‘The Odious Scourge’ / William Schabas Page 18

The ‘Odious Scourge’:

Evolving Interpretations of the Crime of Genocide

by William A. Schabas[*]

For presentation at: ‘Ultimate Crime, Ultimate Challenge, Human Rights and Genocide’

International Conference, Yerevan, Armenia, 20-21 April 2005

Organized by The National Commission for the Commemoration of the 90th Anniversary of the Armenian Genocide

W

hen hundreds of thousands of Armenians living within the Ottoman Empire perished in 1915,[1] the governments of France, Great Britain and Russia responded with an unprecedented declaration. Dated 24 May 1915, it asserted that ‘[i]n the presence of these new crimes of Turkey against humanity and civilization, the allied Governments publicly inform the Sublime Porte that they will hold personally responsible for the said crimes all members of the Ottoman Government as well as those of its agents who are found to be involved in such massacres’.[2] It has been suggested that this constitutes the first use, at least within an international law context, of the term ‘crimes against humanity’.[3]

According to the Treaty of Sèvres, signed 10 August 1920, Turkey recognized the right of trial ‘notwithstanding any proceedings or prosecution before a tribunal in Turkey’ (art. 226), and was obliged to surrender ‘all persons accused of having committed an act in violation of the laws and customs of war, who are specified either by name or by rank, office or employment which they held under Turkish authorities’.[4] This formulation was similar to the war crimes clauses in the Treaty of Versailles.[5] But the Treaty of Sèvres contained a major innovation, contemplating prosecution for the massacres committed within Turkey by the Turkish regime, as well as of war crimes committed against allied soldiers or civilians within occupied territories. Pursuant to article 230,

The Turkish Government undertakes to hand over to the Allied Powers the persons whose surrender may be required by the latter as being responsible for the massacres committed during the continuance of the state of war on territory which formed part of the Turkish Empire on the 1st August, 1914. The Allied Powers reserve to themselves the right to designate the Tribunal which shall try the persons so accused, and the Turkish Government undertakes to recognise such Tribunal. In the event of the League of Nations having created in sufficient time a Tribunal competent to deal with the said massacres, the Allied Powers reserve to themselves the right to bring the accused persons mentioned above before the Tribunal, and the Turkish Government undertakes equally to recognise such Tribunal.[6]

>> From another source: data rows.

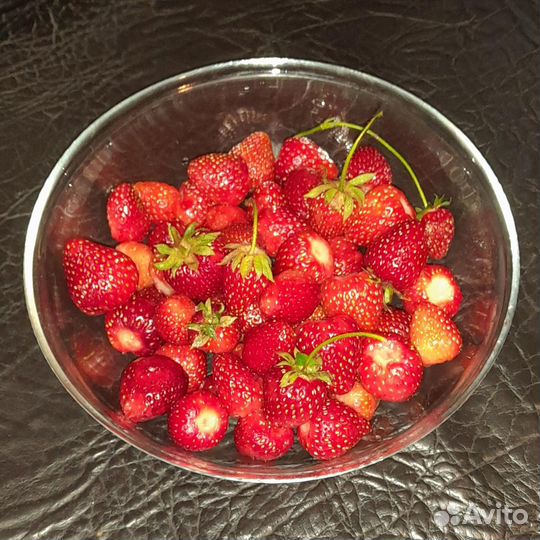 Саженцы земляники клубники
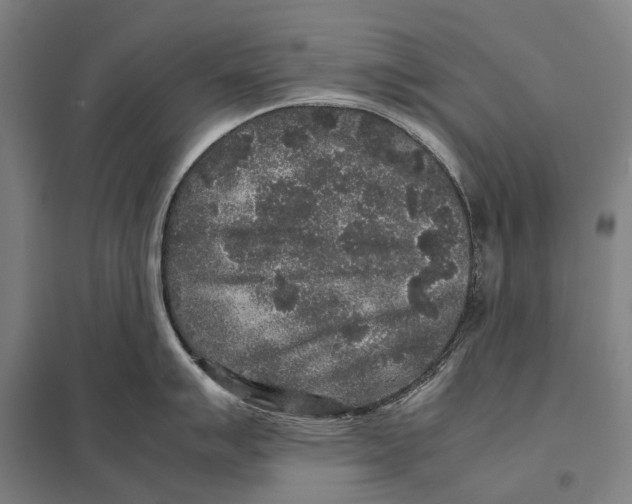 X0000097761007200803281629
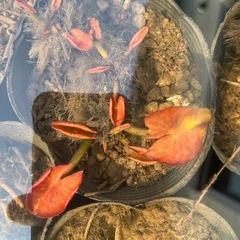 睡蓮の新芽の画像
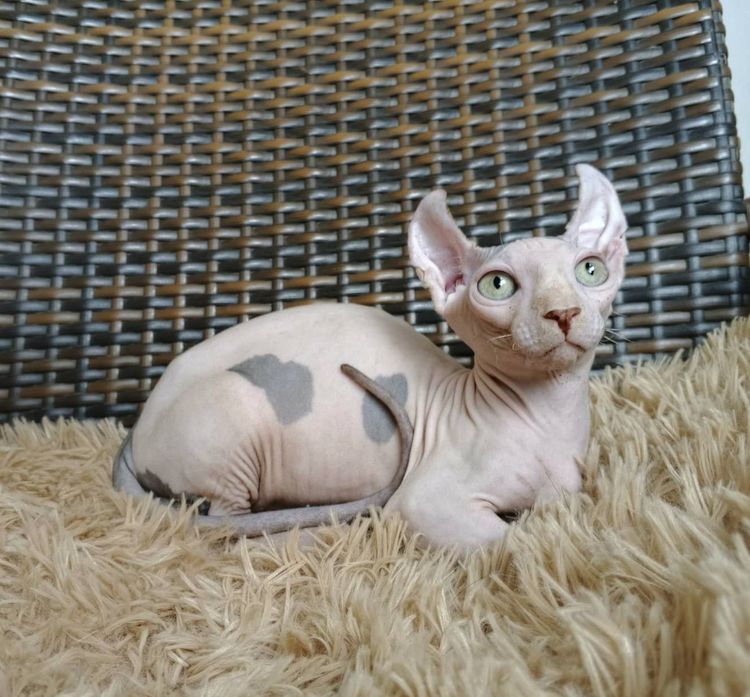 31.แมวดเวล เพศผู้ Dwelf Cat Male 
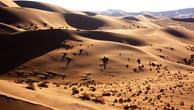 Sand dunes in the Namib desert in Namibia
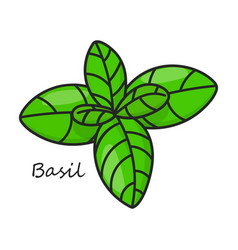 Basil Icon Color Isolated On White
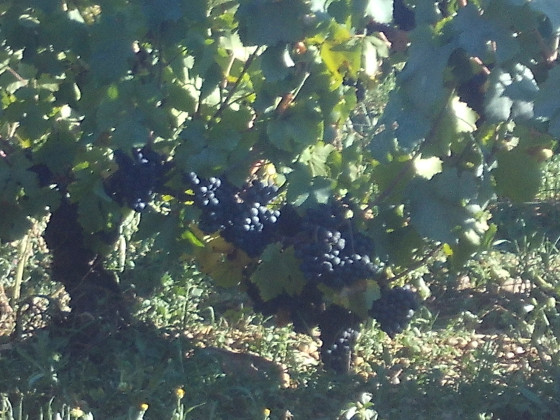 Summer grapes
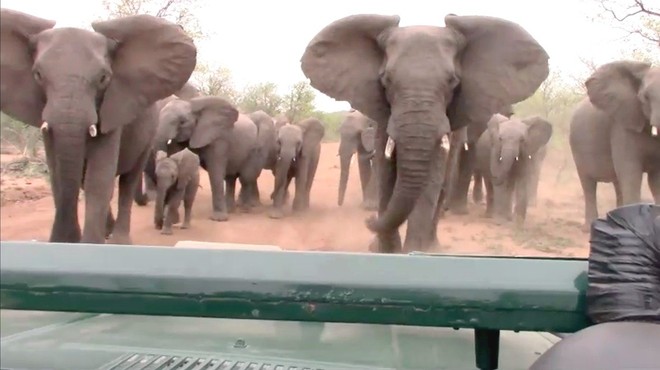 Sramotno! Trumpova vlada spet dovolila uvoz slonovine iz Afrike! (foto: profimedia)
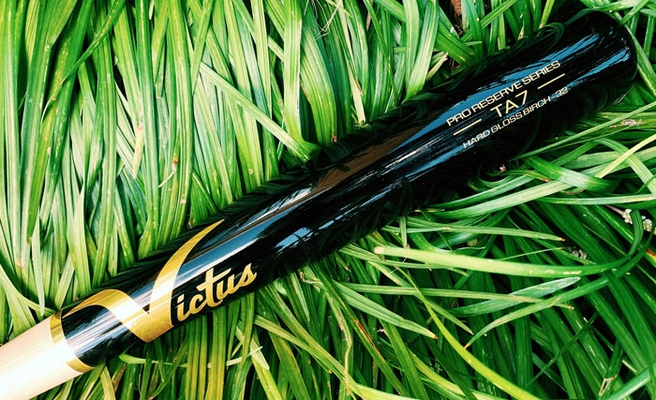 Victus Tim Anderson TA7 Pro Reserve Birch Bat VRWBTA7-NT-BK (2021)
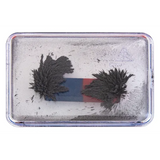 Iron Filings Case - 9.5 x 7cm - Modern Teaching Aids NZ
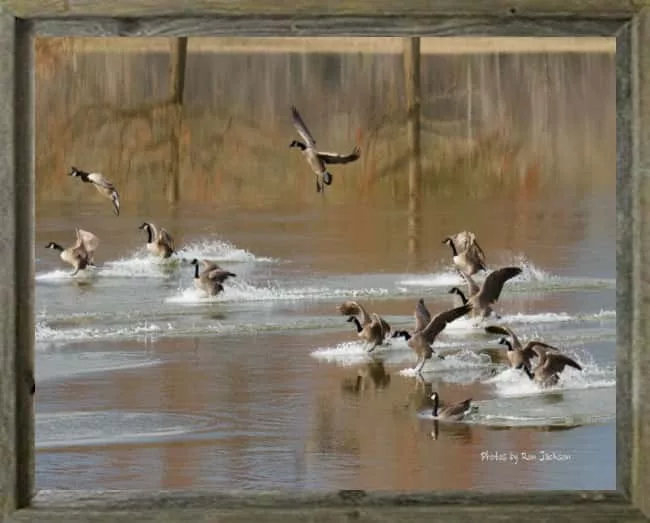 latf-geese-landing-at-liberty-park-ronjackson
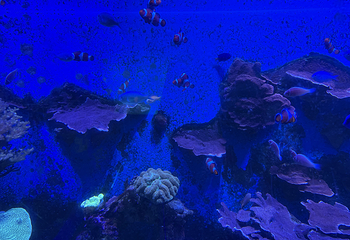 吉隆坡城中城水族馆第 56 张图片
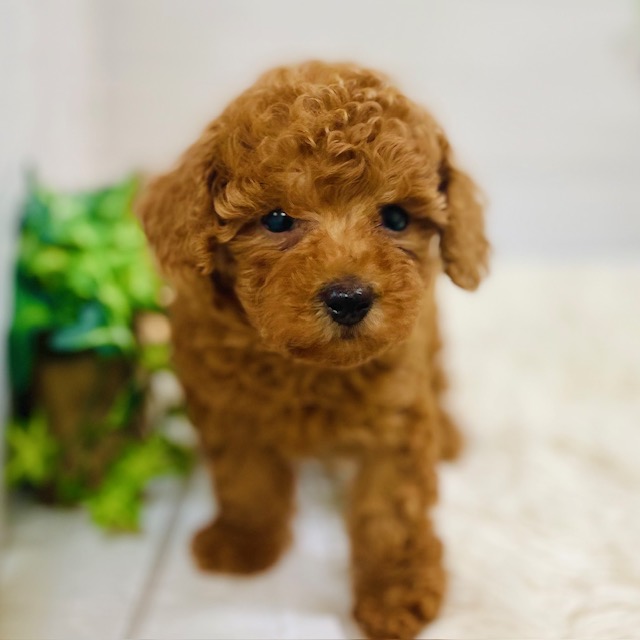 愛知県のトイプードル(トイ) (犬の家＆猫の里豊田店/2025年9月16日生まれ/女の子/レッド)の子犬の4枚目の画像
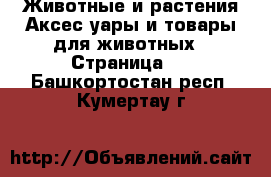 Животные и растения Аксесcуары и товары для животных - Страница 2 . Башкортостан респ.,Кумертау г.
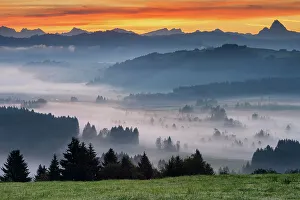 Trending: Switzerland, Canton of Schwyz, moor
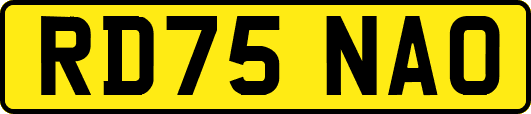 RD75NAO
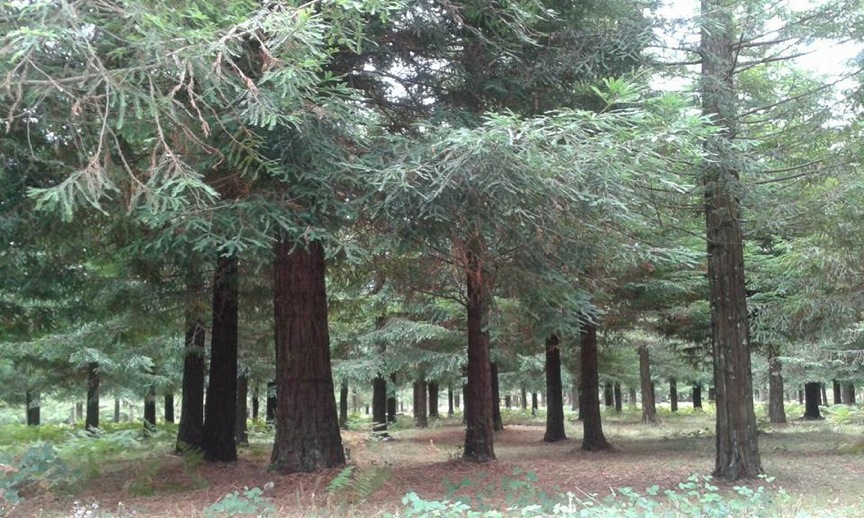 Pensamientos de octubre: un alma y un espíritu que tienen necesidad de ser alimentados..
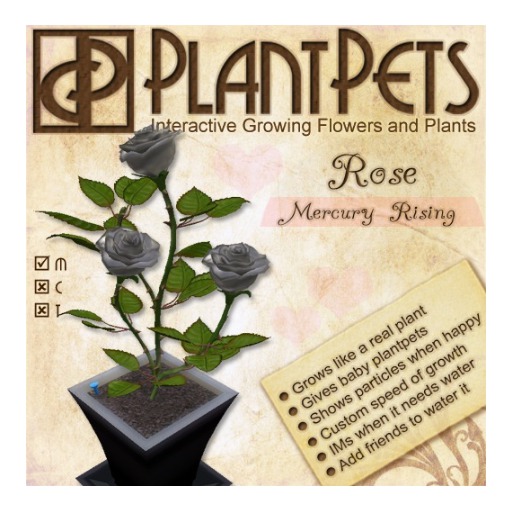 PlantPet Seed [Rose *Mercury Rising*] Box, Open Me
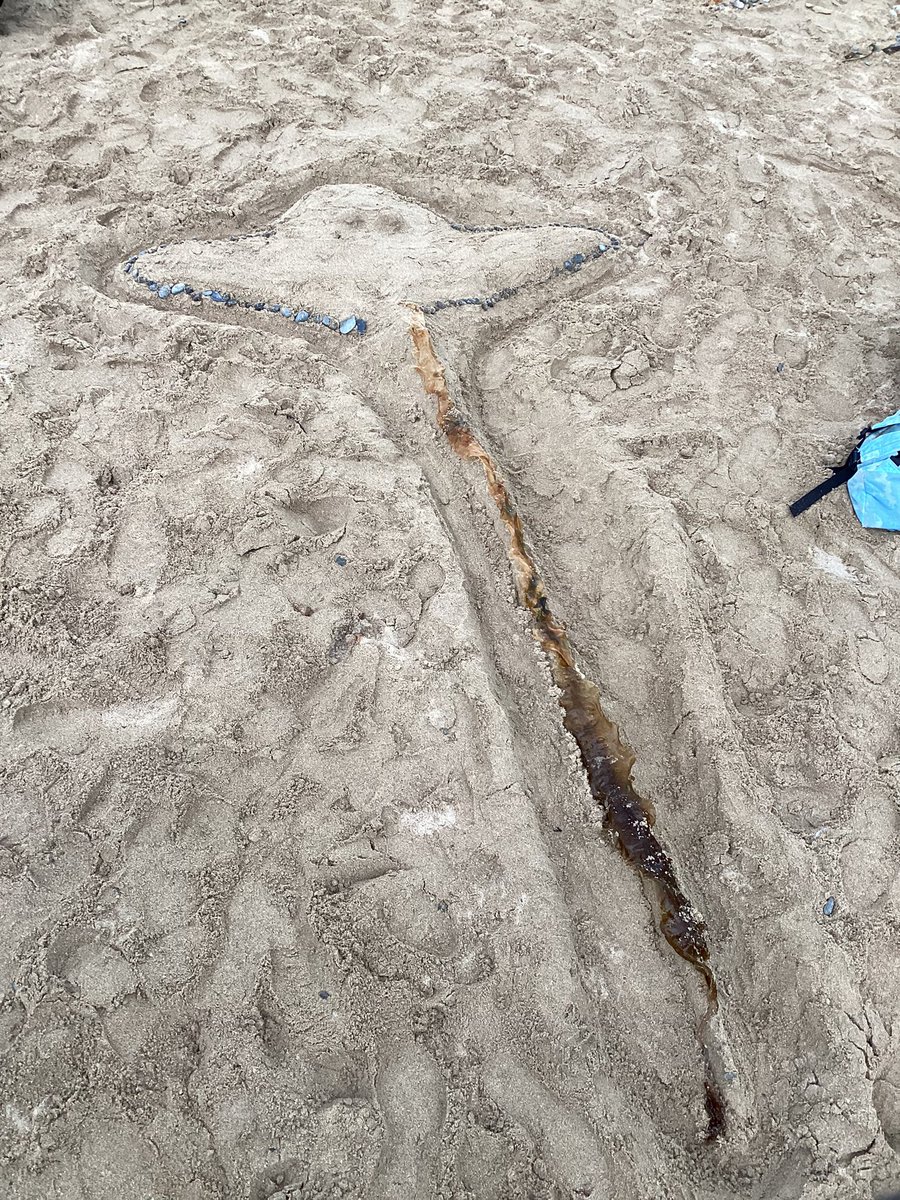 Ashdene Primary School tweet media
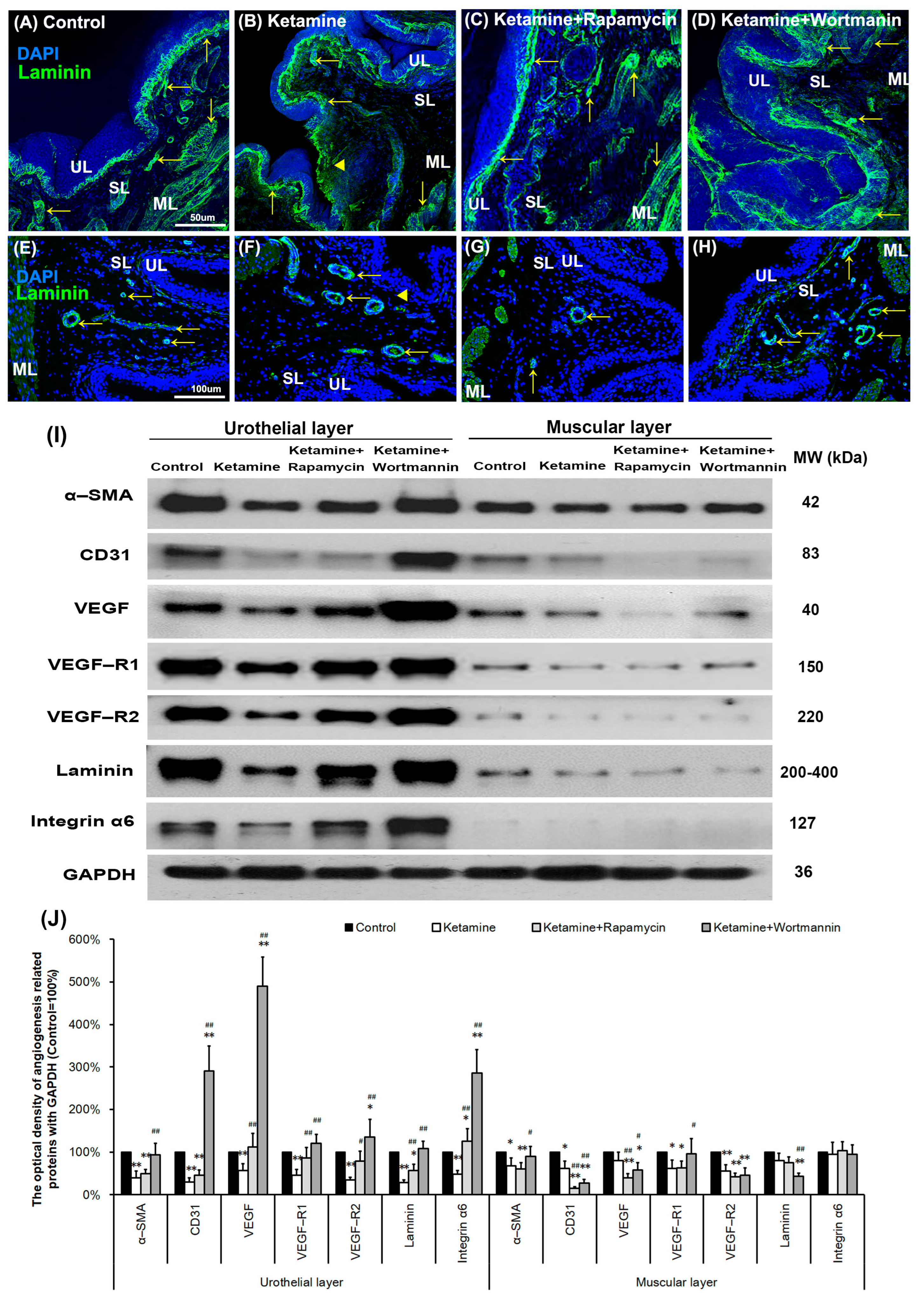 Biology 14 01630 g006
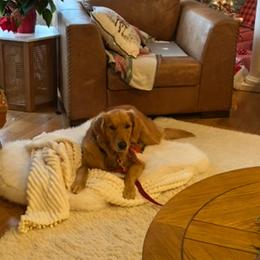 Golden Retriever All Grown Up from Sun Ridge Goldens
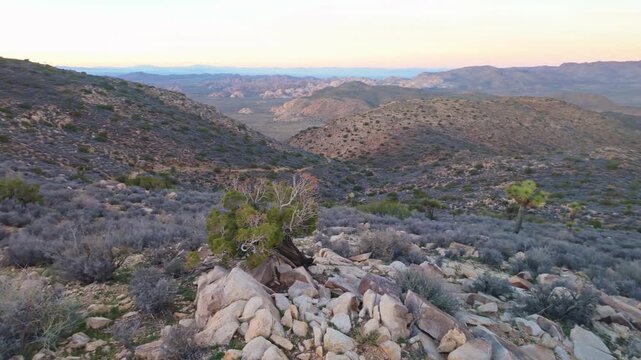 Aerial view of desert valley and rock formations seen from Ryan Mountain Trail in Joshua Tree National Park California
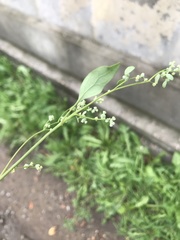 Chenopodium suecicum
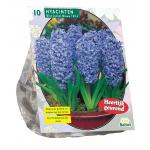 Baltus Hyacinthus Blue Jacket bloembollen per 10 stuks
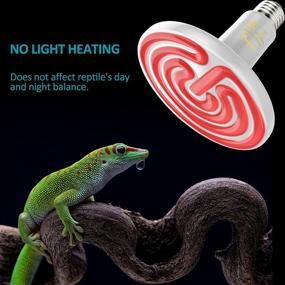 img 1 attached to Ceramic Heat Emitter Reptiles & Amphibians better for Terrarium Heat Lamps & Mats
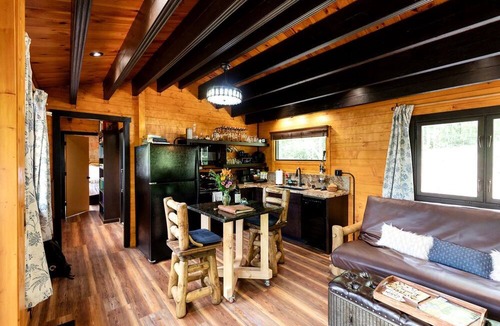 Brevard Cabin | Luxurious Dog-Friendly Cabin with Fireplace, Surrounded by Forest for a Cozy Couples Getaway in the Mountains in North Carolina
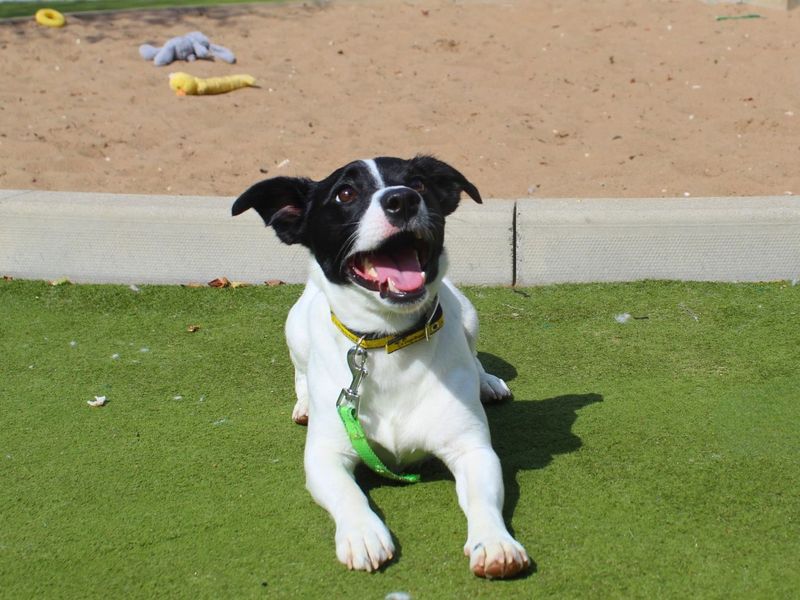 Fred | Terrier (Jack Russell) | Manchester - 3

Though signed by the parties, including Turkey, the Treaty of Sèvres was never ratified and never, therefore, came into force. As Kay Holloway wrote, the failure of the signatories to bring the treaty into effect ‘resulted in the abandonment of thousands of defenceless peoples – Armenians and Greeks – to the fury of their persecutors, by engendering subsequent holocausts in which the few survivors of the 1915 Armenian massacres perished’/[7] The Treaty of Sèvres was replaced by the Treaty of Lausanne of 24 July 1923[8], an instrument that contained a ‘Declaration of Amnesty’ for all offences committed between 1 August 1914 and 20 November 1922.

When the Armenian massacres took place, the term ‘genocide’ did not yet exist. It was not devised until three decades later, in 1944, by a Polish-Jewish law professor, Raphael Lemkin, by then living in exile in the United States, in his book Axis Rule in Occupied Europe.[9] Rarely has a neologism had such rapid success.[10] Within little more than a year of its introduction intto the English language,[11] the word ‘genocide’ was being used in the indictment of the International Military Tribunal, and within two, it was the subject of a United Nations General Assembly resolution.[12] But the resolution spoke in the past tense, describing genocide as crimes which ‘have occurred’. By the time the General Assembly had completed its initial standard setting in this area, with the 1948 adoption of the Convention on the Prevention and Punishment of the Crime of Genocide, ‘genocide’ had a detailed and quite technical definition as a crime against the law of nations. The preamble of that instrument recognizes ‘that at all periods of history genocide has inflicted great losses on humanity’. Genocide is described as ‘the odious scourge’.[13]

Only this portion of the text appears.